そう。不可解なことは多い。まず何よりも、”魔王”と名乗っているなら魔物を使役して襲いかかってきても良いはずだ。

それに、”山颪の館”で戦ったムルヤ夫妻や、解放戦でサールドを異形に変えた術師たち、もっと言えばチロン峠の戦いの後の落ち武者狩りの刺客など、魔を使う者はこれまでも数多く居た。

そうであるのに、魔の「王」を名乗る者が魔の力を寸分も行使しなかったというのは、些か不思議な話だ。
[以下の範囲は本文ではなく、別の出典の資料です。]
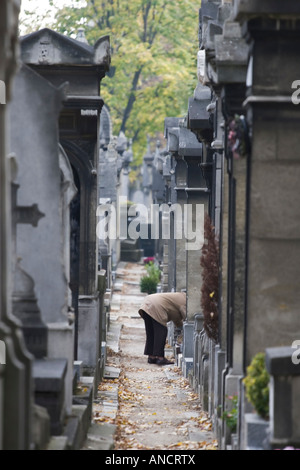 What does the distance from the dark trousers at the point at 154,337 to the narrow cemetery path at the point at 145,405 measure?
10.7 inches

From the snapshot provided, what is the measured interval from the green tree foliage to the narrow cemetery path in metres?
22.9

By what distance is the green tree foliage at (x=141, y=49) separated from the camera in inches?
1708

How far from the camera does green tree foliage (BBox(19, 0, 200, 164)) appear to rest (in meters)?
43.4

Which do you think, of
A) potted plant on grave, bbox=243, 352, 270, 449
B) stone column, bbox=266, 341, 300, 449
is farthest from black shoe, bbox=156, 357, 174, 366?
stone column, bbox=266, 341, 300, 449

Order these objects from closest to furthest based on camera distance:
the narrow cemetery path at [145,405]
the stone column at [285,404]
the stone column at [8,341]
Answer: the stone column at [8,341] → the stone column at [285,404] → the narrow cemetery path at [145,405]

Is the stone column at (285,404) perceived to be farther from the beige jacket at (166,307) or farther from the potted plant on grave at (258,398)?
the beige jacket at (166,307)

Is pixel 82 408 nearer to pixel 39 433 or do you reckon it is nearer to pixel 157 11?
pixel 39 433

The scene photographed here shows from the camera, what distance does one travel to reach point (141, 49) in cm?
4334

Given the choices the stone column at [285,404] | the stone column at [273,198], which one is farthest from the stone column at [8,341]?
the stone column at [273,198]

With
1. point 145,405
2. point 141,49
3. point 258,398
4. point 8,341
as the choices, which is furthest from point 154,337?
point 141,49

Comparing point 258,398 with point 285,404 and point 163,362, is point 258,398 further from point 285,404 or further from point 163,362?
point 163,362

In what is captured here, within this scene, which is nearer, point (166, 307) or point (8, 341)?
point (8, 341)

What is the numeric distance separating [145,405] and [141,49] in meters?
31.4

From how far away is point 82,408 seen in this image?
9.82m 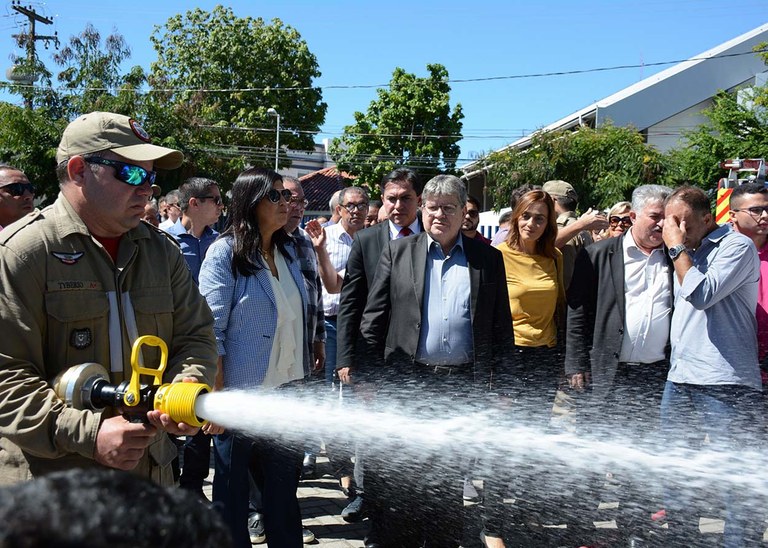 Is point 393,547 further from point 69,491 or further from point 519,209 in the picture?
point 69,491

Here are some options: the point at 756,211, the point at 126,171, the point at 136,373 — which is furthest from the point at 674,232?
the point at 136,373

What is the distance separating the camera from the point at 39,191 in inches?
826

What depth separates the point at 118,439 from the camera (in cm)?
245

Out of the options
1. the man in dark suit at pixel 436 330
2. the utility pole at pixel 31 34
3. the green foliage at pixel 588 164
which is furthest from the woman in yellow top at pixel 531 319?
the utility pole at pixel 31 34

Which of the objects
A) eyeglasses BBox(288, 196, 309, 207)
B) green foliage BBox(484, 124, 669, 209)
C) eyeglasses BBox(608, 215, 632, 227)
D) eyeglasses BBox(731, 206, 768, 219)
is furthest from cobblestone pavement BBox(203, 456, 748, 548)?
green foliage BBox(484, 124, 669, 209)

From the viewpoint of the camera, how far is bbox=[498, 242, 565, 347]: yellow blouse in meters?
5.47

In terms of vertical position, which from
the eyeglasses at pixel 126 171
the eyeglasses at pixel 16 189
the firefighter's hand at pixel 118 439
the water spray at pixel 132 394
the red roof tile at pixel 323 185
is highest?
the red roof tile at pixel 323 185

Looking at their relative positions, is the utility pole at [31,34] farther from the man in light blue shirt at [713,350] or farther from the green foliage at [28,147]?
the man in light blue shirt at [713,350]

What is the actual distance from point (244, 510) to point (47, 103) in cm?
2473

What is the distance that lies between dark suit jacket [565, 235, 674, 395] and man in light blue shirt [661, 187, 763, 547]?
1.32 feet

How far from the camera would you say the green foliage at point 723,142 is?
21.7m

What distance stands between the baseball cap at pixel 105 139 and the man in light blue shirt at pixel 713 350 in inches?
136

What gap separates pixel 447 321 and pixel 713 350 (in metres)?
1.68

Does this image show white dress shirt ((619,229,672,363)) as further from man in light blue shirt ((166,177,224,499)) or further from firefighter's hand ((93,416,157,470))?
firefighter's hand ((93,416,157,470)) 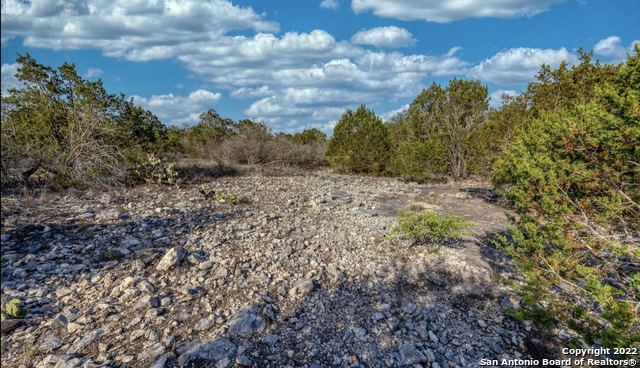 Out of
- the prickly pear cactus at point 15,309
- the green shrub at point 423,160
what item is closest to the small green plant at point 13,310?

「これまでも、魔物や『魔』そのものを操ってると思われる人間とはそれなりに戦ってきた。だから、魔物が操れるものであるっていうあんた達の仮説は大方合ってると思う。だが、”魔王”はその手の力を使ってはいなかったな。まあ...”レンルーン(鉄壁)”には使うまでも無かったってだけかもしれないけど。」

「もう一つ良いかい?」


そこで、今まで静かだったヤートルが口を開いた。


「何だ?」

「いや、不可解なことはもう一つあるよね。何で第六軍団をやったみたいに僕らを殺さなかったんだろう...っていう。」

「そうですな。考えてみればそれも甚だ疑問にございます。”魔主”、或いは”魔王”が魔物を使役して”大災禍”を引き起こしたとしたら、その滅ぼすべき第一の敵は殿下をはじめとするエルドーレン朝の血胤のはず。それなのに、第六軍団を圧倒してみせた其の者が刃を殿下に向けなかったのは...一体何故でしょう?」

「むむむ...。」


寧ろ、”荒野の魔王”は進んであの時の絶体絶命のアールン達を助けたようにさえ思えた。


『急がずとも、いずれ分かるだろう。』


その理由を尋ね、かの者に返された言葉。

その言葉は、今でもアールンの脳裏に引っ掛かっている。


「...まあ、とにかく今は、”魔王”という存在が実在するってことを念頭に置いておくぐらいしか出来ないだろうな。」

「ええ。」


一先ずゲルトにはそう返しつつ、彼はひとつ伸びをした。